Carey Memorial Lecture: Vicki Cooley
Vicki Cooley has been active with the
Alternatives to Violence Project since 1977 when she first
particiated in a workshop. She has been a
facilitator for AVP teams since 1988 working in a
number of New York prisons including Attica and Elmira. She
has also offered AVP workshops in schools, in
community settings, and with youth in the
Farmington-Scipio Quarter. "AVP as a spiritual practice has
formed and transformed me," she says.
Vicki is a member of Central Finger Lakes
Monthly Meeting, the NYYM Worship and Action for
Peace working group, and the AFSC Finance Committee
and national board.
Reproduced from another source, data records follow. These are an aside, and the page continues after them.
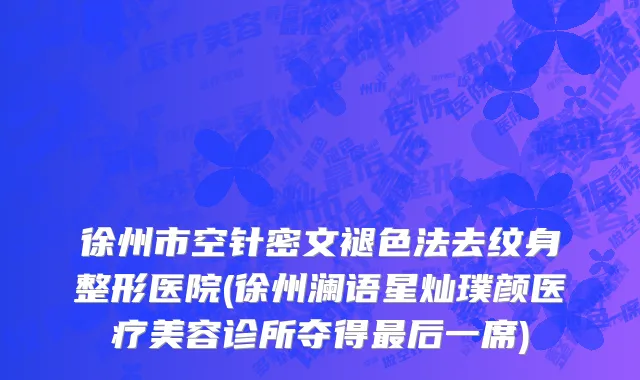 徐州市空针密文褪色法去纹身整形医院(徐州澜语星灿璞颜医疗美容诊所夺得最后一席)
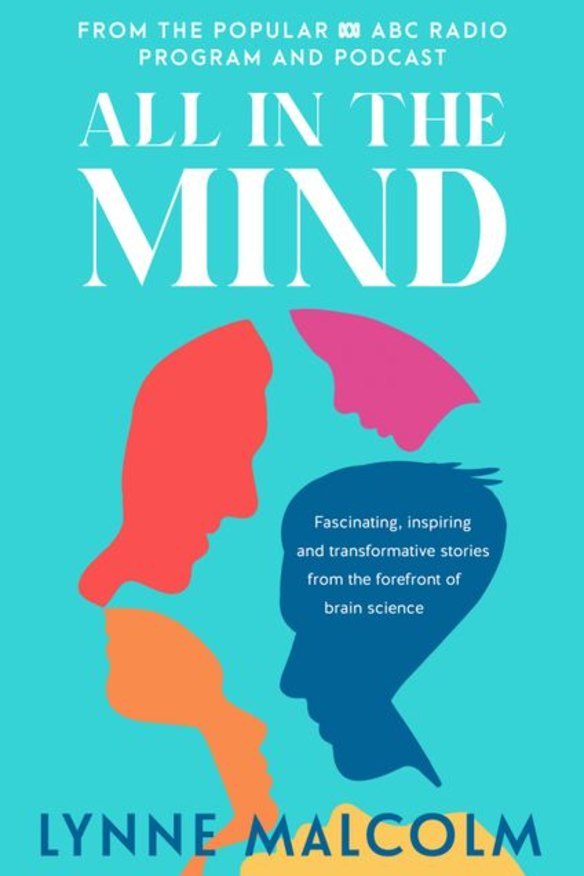 <i>All in the Mind</i> by Lynne Malcolm.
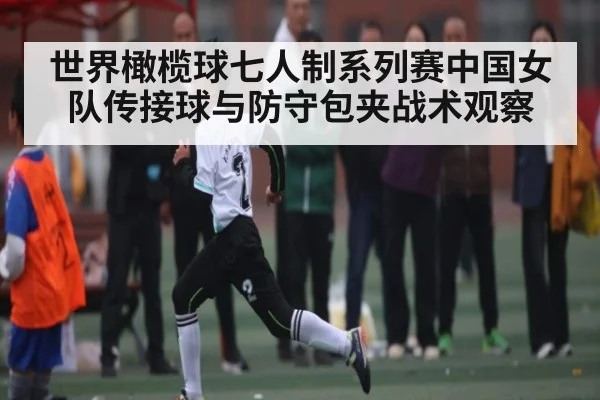 世界橄榄球七人制系列赛中国女队传接球与防守包夹战术观察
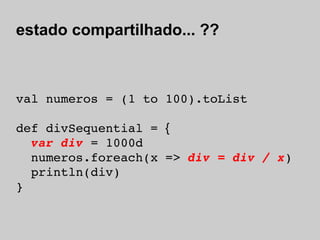 estado compartilhado... ??



val numeros = (1 to 100).toList

def divSequential = {
  var div = 1000d
  numeros.foreach(x => div = div / x)
  println(div)
}
 
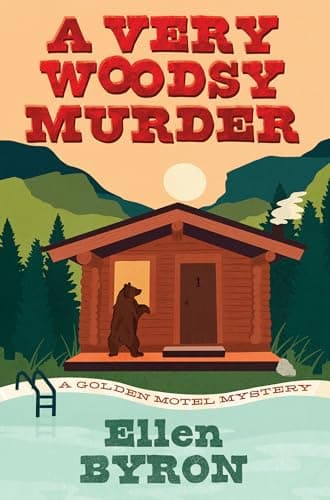 Cover of A Very Woodsy Murder (Golden Motel Mysteries, Bk. 1)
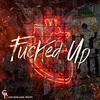 About Fucked Up Song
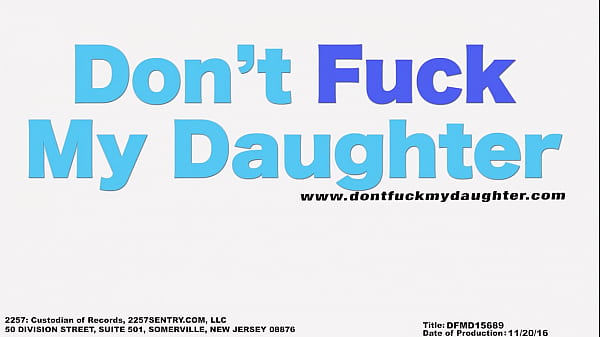 DFMD - You're Not Supposed To Fuck Your Client's Daughter, But Sierra Nicole Is Irresistable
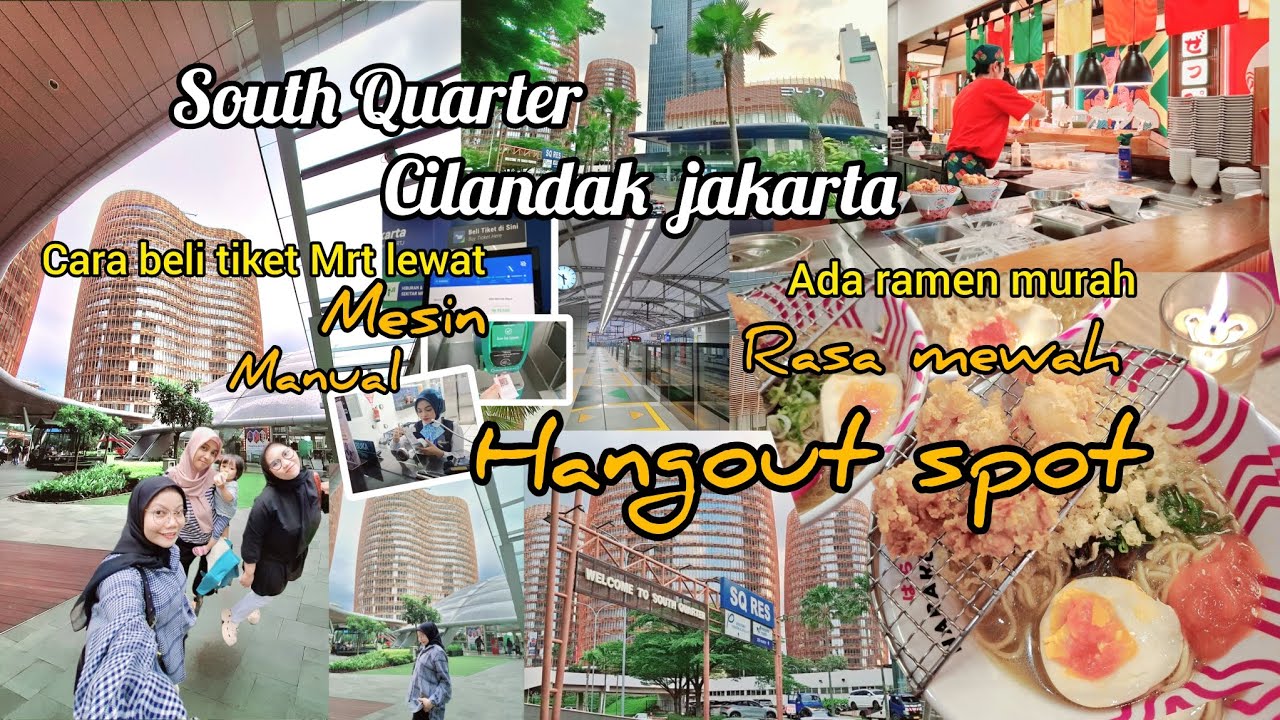 SOUTH QUARTER JAKARTA FOTO & HANGOUT SPOT | RAMEN MURAH  HARGA MULAI DARI 15 RIBU !! | DAILY VLOG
She was the director of training for
the Center for Dispute Settlement, a six-county
community mediation agency.
Friday Evening Speaker: David Kaczynski
David Kaczynski is executive director of New
Yorkers Against the Death Penalty (NYADP) and the
brother of Theodore Kaczynski - the so-called Unabomber -
who was arrested in 1996 after David and his wife Linda
approached the FBI with their suspicions that
Theodore might be involved in a series of bombings that
caused three deaths and numerous injuries over 17 years.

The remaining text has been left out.